A dark and twisty drama that ultimately goes nowhere and makes us feel nothing

Late in the spring of 1994, 13-year-old Nicholas Barclay went missing, never making it back to his San Antonio home after a basketball game. Three years later, he was returned to his mother from Spain a decade older, with a French accent and brown eyes instead of blue. The new Nicky was serial imposter Frédéric Bourdin, who had posed as other disappeared children in his native Europe. “I know I can be cruel, but I don’t want to become a monster,” Bourdin has said, despite exploiting one of the most painful tragedies that can befall a family. While not completely unprecedented, the con man’s crime was so rare that the FBI had likely never dealt with an impersonation of a missing child before — and a pretty unconvincing one at that. (The real Barclay was never found.)

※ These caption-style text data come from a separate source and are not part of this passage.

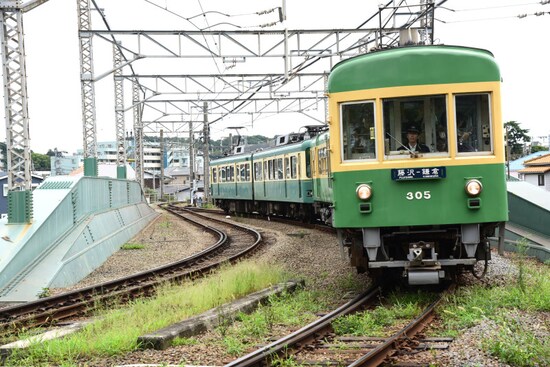 鵠沼鉄橋を渡る江ノ電。江ノ電も路線の4割くらいは藤沢市を走っていたりします
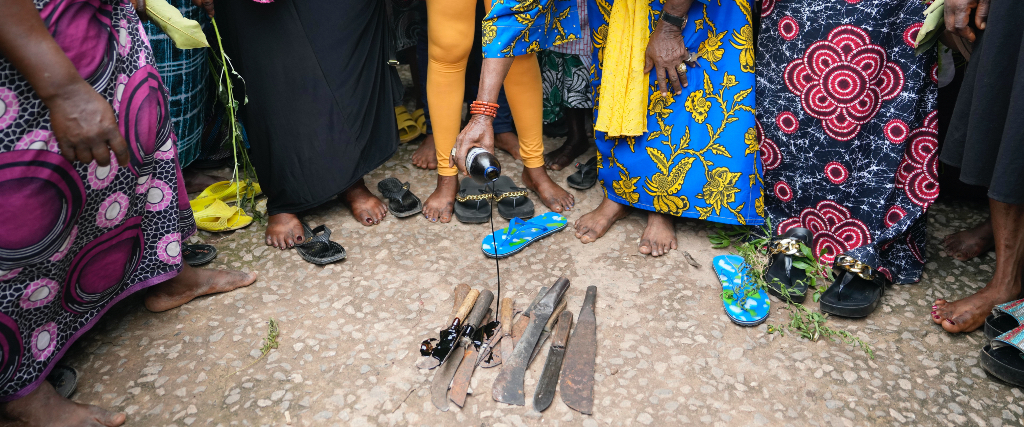 Nigeriansk polis har undsatt mer än 75 människor, varav minst 26 barn, som kan ha hållits mot sin vilja i en källare i en kyrka i delstaten Ondo i det afrikanska landets sydvästliga del.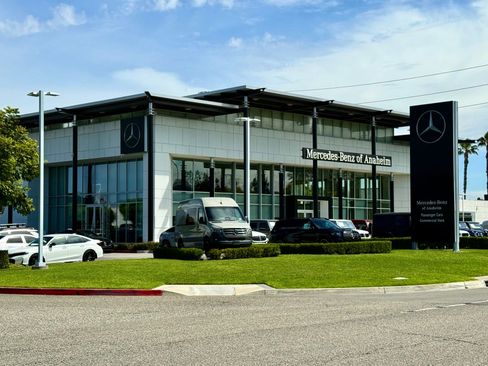 Used 2025 Chevrolet Silverado 1500 LT image 50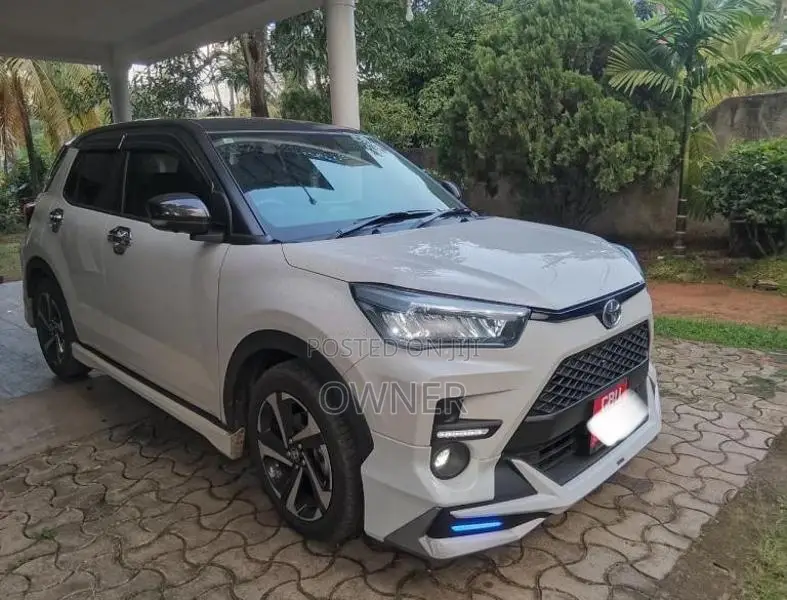 Toyota Raize Hybrid 2025 SUV (Used)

The bandwagon approach to TV programming has meant that Bourdin’s unusual deception — chronicled in the 2012 documentary The Imposter — has given way to other changeling tales. Last year’s The Family (ABC), starring Joan Allen and Alison Pill, explored how a Maine clan was changed by the abduction of its youngest child — and why one of them chooses to pass off a cooperative stranger as the lost boy 10 years later. Season 2 of the anthology mystery-drama The Missing (Starz), now available in full, also begins with doubt that the ill young woman who wanders out of the snowy woods really is Alice Webster, who vanished 11 years ago. Little Alice and Returned Alice (Abigail Hardingham) share a stick-and-poke spider-web tattoo and big doll eyes. She calls her little brother (Jake Davies) by his elementary-school nickname. Their father (David Morrissey), a British army officer stationed in Germany, where this season is set, is overjoyed that his daughter is back, though the rapes she endured make him sick. But their mother (Keeley Hawes) — and the retired French detective Julien Baptiste (Tchéky Karyo), who investigated another child’s disappearance in Season 1 — become convinced that the young woman is a fraud, but that she may lead them to the real Alice.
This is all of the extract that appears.